> [Exercise directions]: All the records that follow need to be reproduced exactly. Omit the images.

Scraped caption text data
[Start of Attachment]

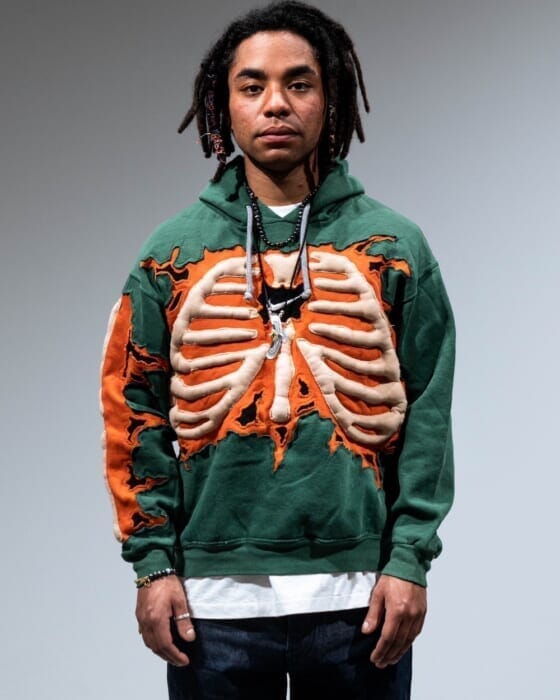 正真正銘の世界にひとつだけ。100%リサイクルなリメイクブランドが、ジャカルタの空気をまとって登場です。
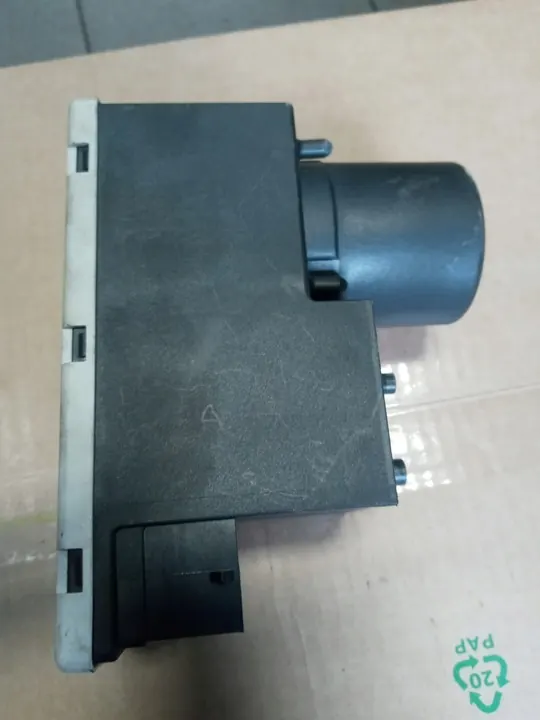 BOMBA DE FECHADURA CENTRAL AUDI A3 A4 8D0862257B image 3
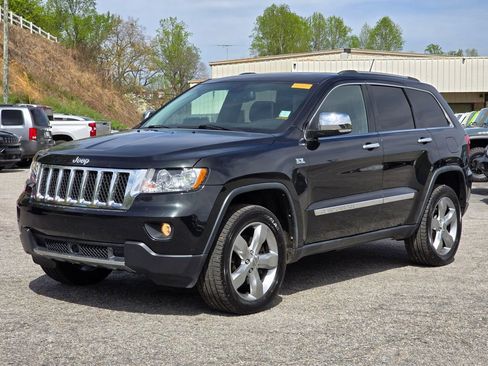 Used 2013 Jeep Grand Cherokee Overland w/ Advance Technology Group image 2
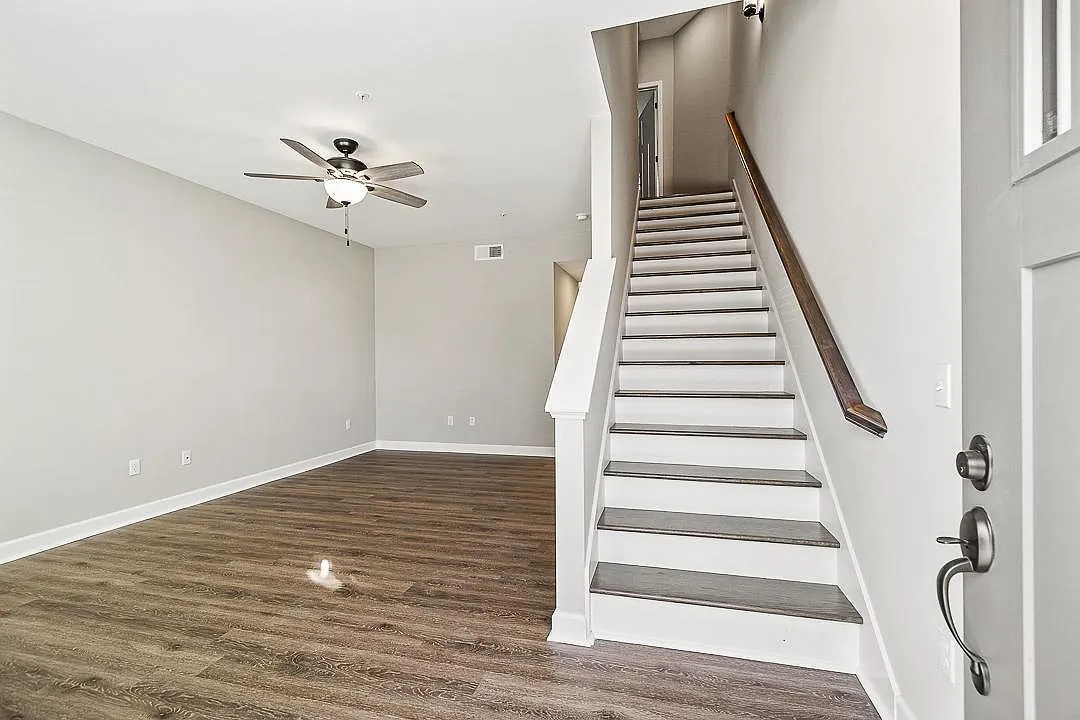 Building Photo - 113 Claremont Ct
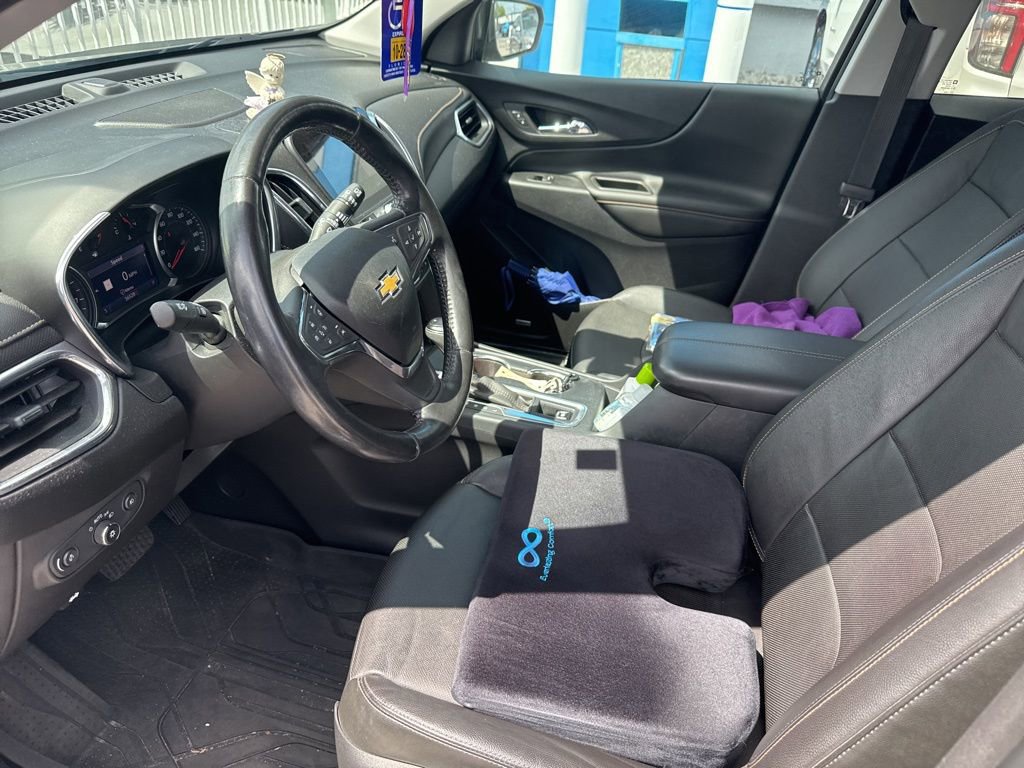 Used 2020 Chevrolet Equinox Premier image 16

[End of Attachment]

> [Worked solution]:
 正真正銘の世界にひとつだけ。100%リサイクルなリメイクブランドが、ジャカルタの空気をまとって登場です。
 BOMBA DE FECHADURA CENTRAL AUDI A3 A4 8D0862257B image 3
 Used 2013 Jeep Grand Cherokee Overland w/ Advance Technology Group image 2
 Building Photo - 113 Claremont Ct
 Used 2020 Chevrolet Equinox Premier image 16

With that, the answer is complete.